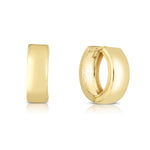 Load image into Gallery viewer, ER2040 - 14K Gold Polished Huggie Earrings
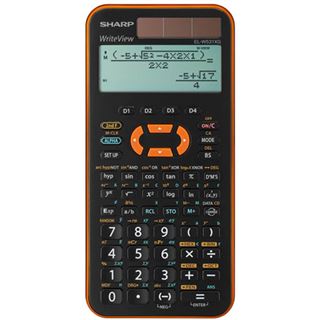 Sharp Schulrechner EL-W531 XG, Farbe: orange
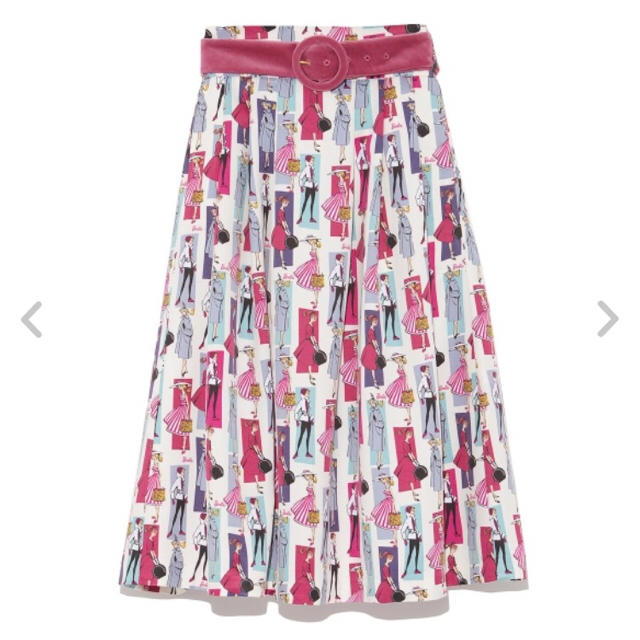 Lily Brown(リリーブラウン)の大人気♡完売♡Lily Brown バービーコラボ💗 レディースのスカート(ひざ丈スカート)の商品写真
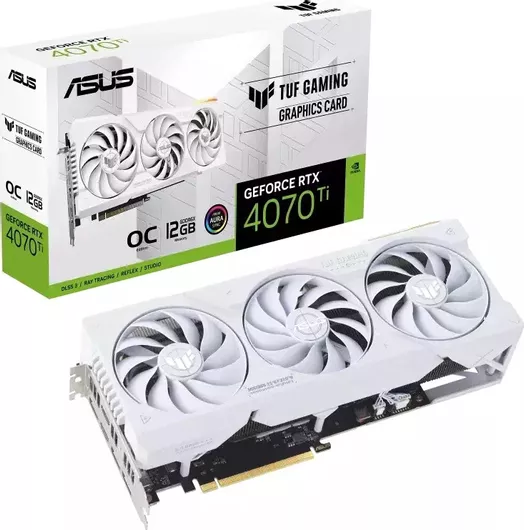 Κάρτα Γραφικών Asus GeForce RTX 4070 Ti 12GB GDDR6X TUF Gaming OC White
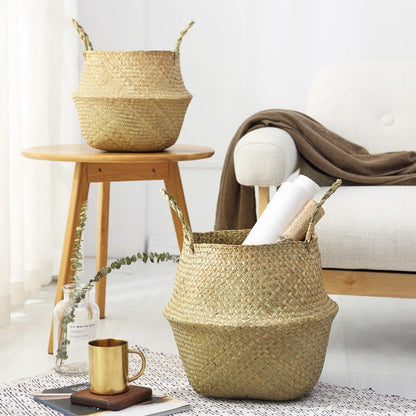 Panier en Osier Naturel — L’Accessoire Déco Qui Range Tout en Un Clin d’Œil !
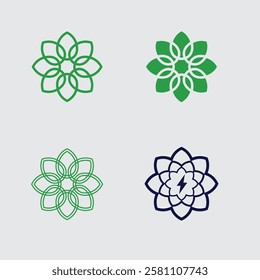 Business icon and logo design vector graphic 
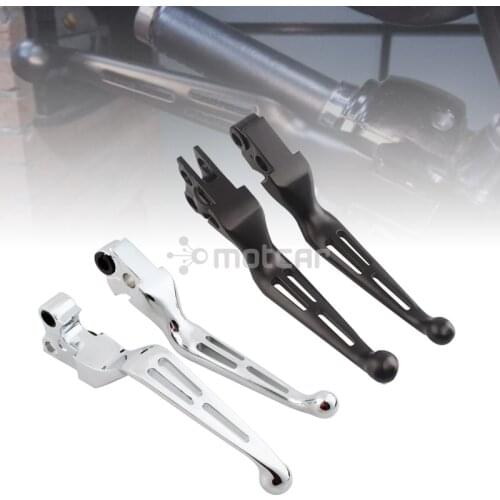 Hollow-out Motorbike Brake Lever Slotted Wide Blade Brake Clutch Ergonomic Lever for Harley Touring Softail 11-14 Dyna XL 96-03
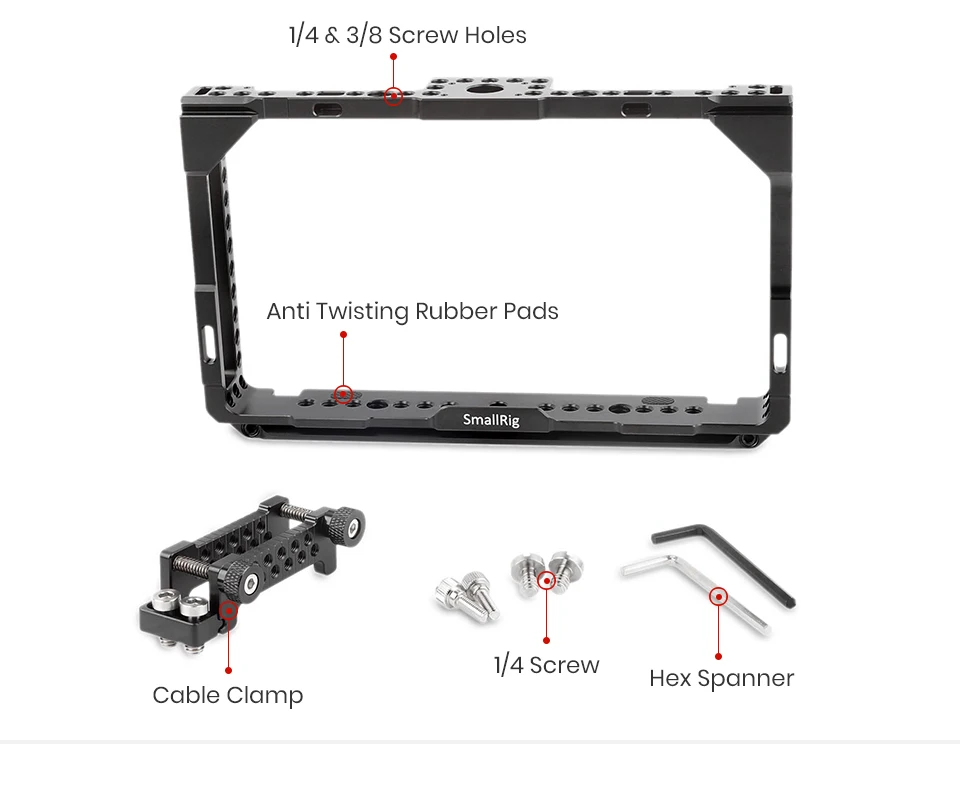 SmallRig держатель для монитора с железнодорожный вокзал для Atomos Shogun/Ниндзя Убийца 7 дюймовый ЖК-монитор Экран-1788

**Task details:** Output all lines above precisely. Pictures are to be left out.

**Response:**
 Load image into Gallery viewer, ER2040 - 14K Gold Polished Huggie Earrings
 Sharp Schulrechner EL-W531 XG, Farbe: orange
 Lily Brown(リリーブラウン)の大人気♡完売♡Lily Brown バービーコラボ💗 レディースのスカート(ひざ丈スカート)の商品写真
 Κάρτα Γραφικών Asus GeForce RTX 4070 Ti 12GB GDDR6X TUF Gaming OC White
 Panier en Osier Naturel — L’Accessoire Déco Qui Range Tout en Un Clin d’Œil !
 Business icon and logo design vector graphic 
 Hollow-out Motorbike Brake Lever Slotted Wide Blade Brake Clutch Ergonomic Lever for Harley Touring Softail 11-14 Dyna XL 96-03
 SmallRig держатель для монитора с железнодорожный вокзал для Atomos Shogun/Ниндзя Убийца 7 дюймовый ЖК-монитор Экран-1788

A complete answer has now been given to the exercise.